Today I had the privilege of sharing some time with the dedicated workforce at NASA’s Johnson Space Center. As the command center for our human spaceflight missions – and of course that means the centerpiece of our activities, the International Space Station — Johnson has had a critical role in the many accomplishments of humans living, working and discovering in space. The next chapter of America’s space exploration story is being written today, and Johnson will be on the front lines of that as well.
Johnson Center Director Mike Coats and the entire Johnson team are absolutely dedicated to America’s human spaceflight program. They train our astronauts, support our missions, test our crew capsules keep our nation at the forefront of space exploration.
Mike and I visited a mockup of the Orion Multi Purpose Crew Vehicle (MPCV) on which Johnson is working. Orion represents the next great step to destinations farther into the solar system. Powered by the Space Launch System we unveiled recently, Orion will take our astronauts farther into space than ever before, create high-quality jobs here at home and provide the cornerstone for America’s future human space exploration efforts.
In fact, nationwide, the MPCV represents about 2,700 total jobs. Right in Houston that translates to about 1,200 jobs, made up of 400 civil servants and 800 contractors. Combined with the extension of the ISS to at least 2020, mission control in Houston is going to be humming along for a very long time.

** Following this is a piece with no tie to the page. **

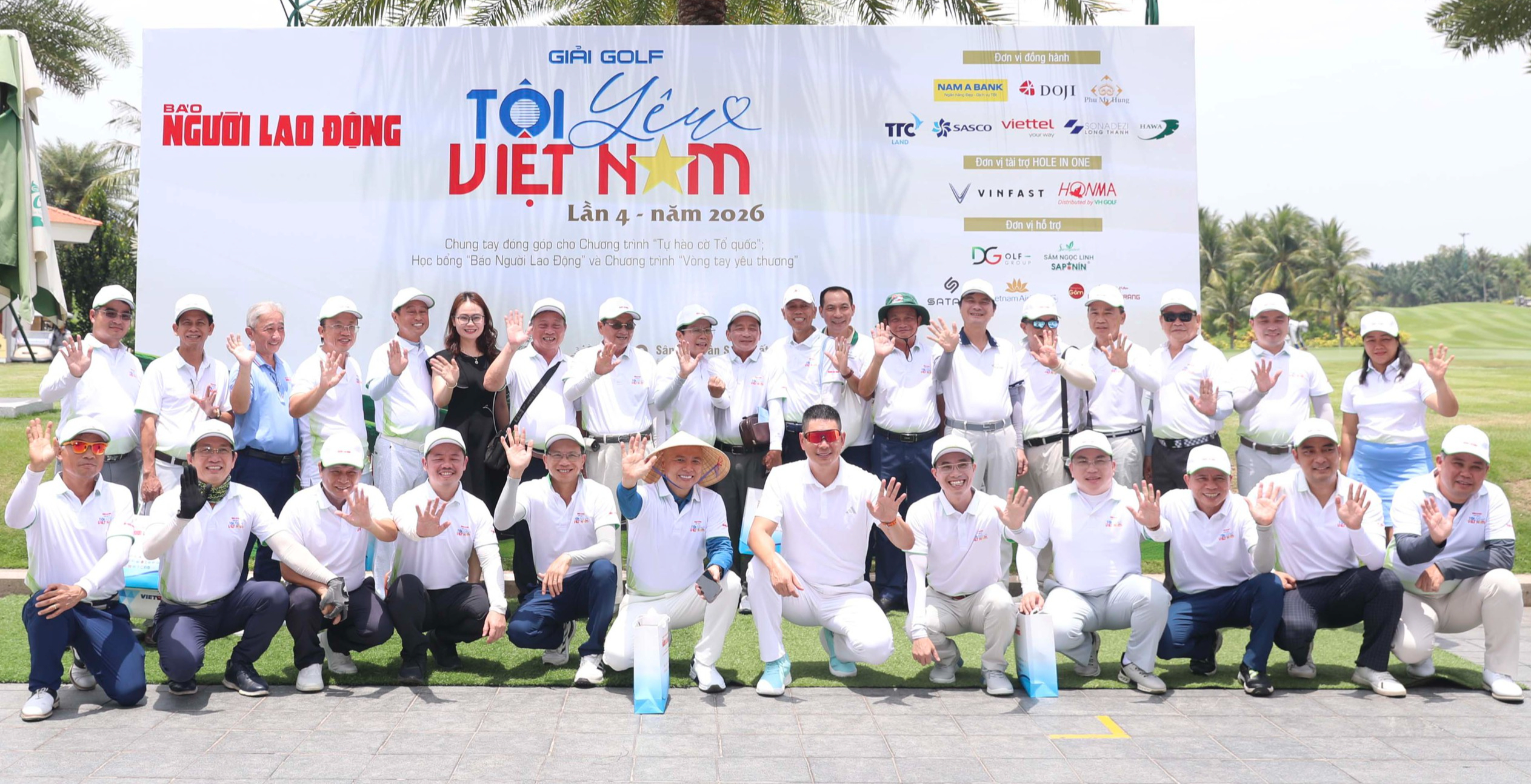 Những khoảnh khắc ấn tượng tại giải Golf "Tôi yêu Việt Nam" lần 4" - Ảnh 1.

I was privileged to be a shuttle commander and there will be many more space explorers to follow. People who are passionate about space, who have been there or who want to go. Who know a lot about the challenges and risks and are there for their colleagues 24/7 as we work to do the big things for which NASA is known, and face the steep challenges of living and working in space that only those who are involved in it can truly appreciate it.
That’s just one of the many valuable things that Johnson has given NASA and the nation.
And as I stood beside Orion, the tangible representation of our future, it reaffirmed my optimism that our best days are ahead. That the excitement of our next destinations will inspire a new generation of explorers, and keep some of us who have been around for a while, working hard and sharing our expertise for a few more years yet as this next grand adventure gets off the ground.
I was proud to fly on the shuttle, but thanks to the efforts of the dedicated professionals at Johnson, tomorrow’s explorers will dream of one day walking on Mars.
So today I salute the Johnson workforce, and all they have done to keep the bigger goals in mind, using the strength and momentum of their long and wonderful history, and the determination they have always exhibited to make America the worldwide leader in space exploration.